Liz Alarcón: It’s August 1951, in a little town called Edna, Texas, and a crime is about to take place.

Maribel Quezada Smith: A young Mexican American farmhand named Pete Hernandez walks into Chinco Sanchez’s Tavern with a rifle. He points it at a man named Joe Espinoza, who’d been bullying him earlier that day, and fires a single bullet into his chest. Joe dies on the spot, Pete is arrested and put on trial for murder.

Liz Alarcón: The case seems cut and dry, but when the all white jury refuses to give Pete a fair trial, a bold team of Latino lawyers decide it’s time to fight back, and their fight will alter the history of civil rights, forever changing what it means to be Latino in the US.

Maribel Quezada Smith: Welcome to The Pulso Podcast, where we tell the untold stories and unheard voices that make up our history, our culture, nuestra gente. I’m Maribel.

Liz Alarcón: and I’m Liz.

Maribel Quezada Smith: Todays episode, is a story about a team of ambitious Latino lawyers who decided it was time to change the system, from the inside.

Liz Alarcón: You’ve heard us say this before, being a Mexican American in Texas during the 1950’s was not easy.

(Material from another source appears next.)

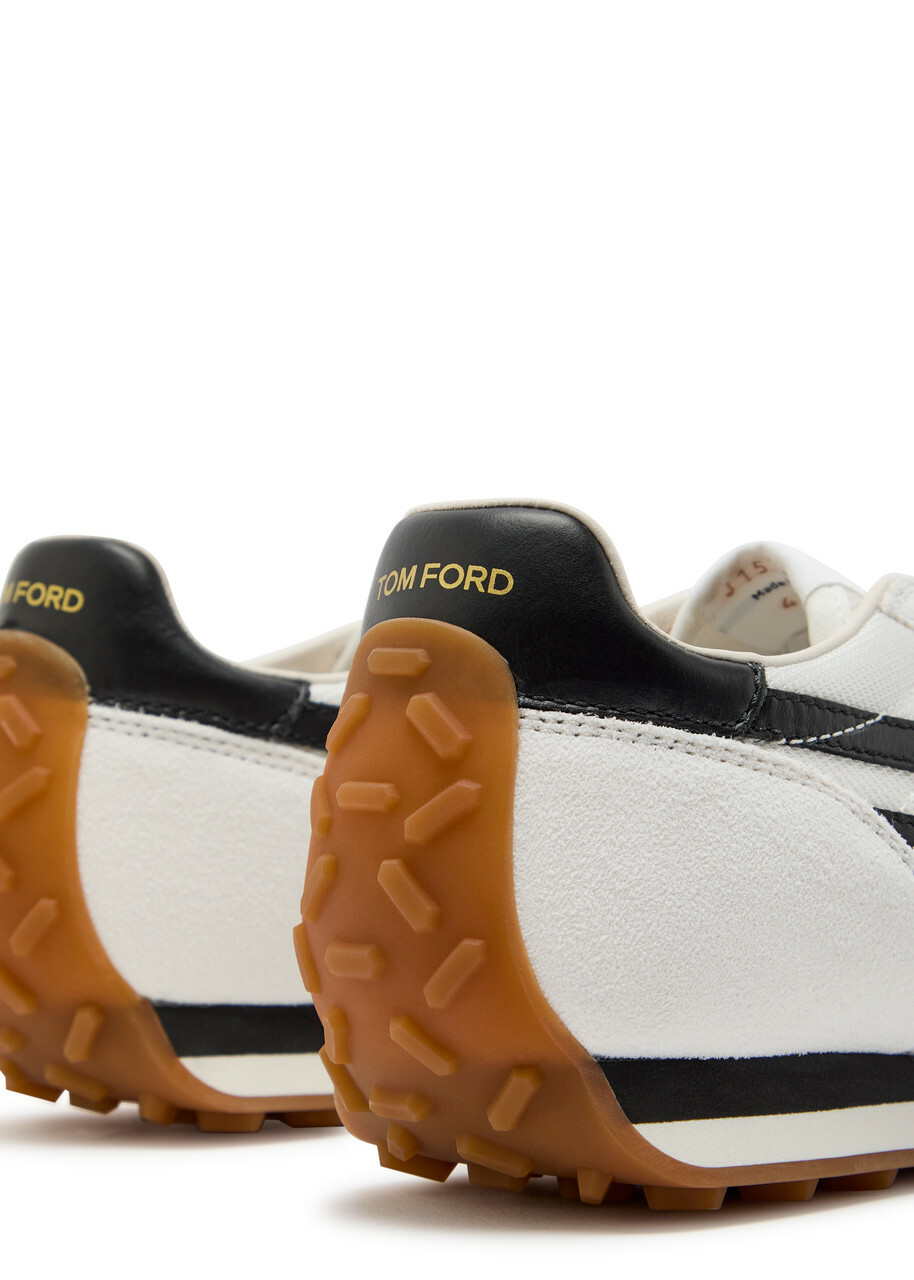 Tom Ford Mick Panelled Mesh-knit Sneakers White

Ignacio Garcia: Mexicans were segregated in schools. They were segregated in the theaters. They were even segregated in the cemeteries. So you had a section for Mexicans and a section for others.

Liz Alarcón: This is Dr Ignacio Garcia, Professor at Brigham Young University and author of “White But Not Equal”. When it comes to the story we’re about to tell, he’s literally the guy who wrote the book.

Maribel Quezada Smith: At this time, people of Mexican American descent were badly discriminated against, many lived in desperate circumstances, had very little rights and often faced violence or death if they spoke out.

Ignacio Garcia: It was very particularly difficult in the rural communities of Texas to have a voice. Texas Rangers very much regulated and controlled these communities.

Maribel Quezada Smith: and this is the backdrop where the catalyst of our story, Pete Hernandez came into the picture.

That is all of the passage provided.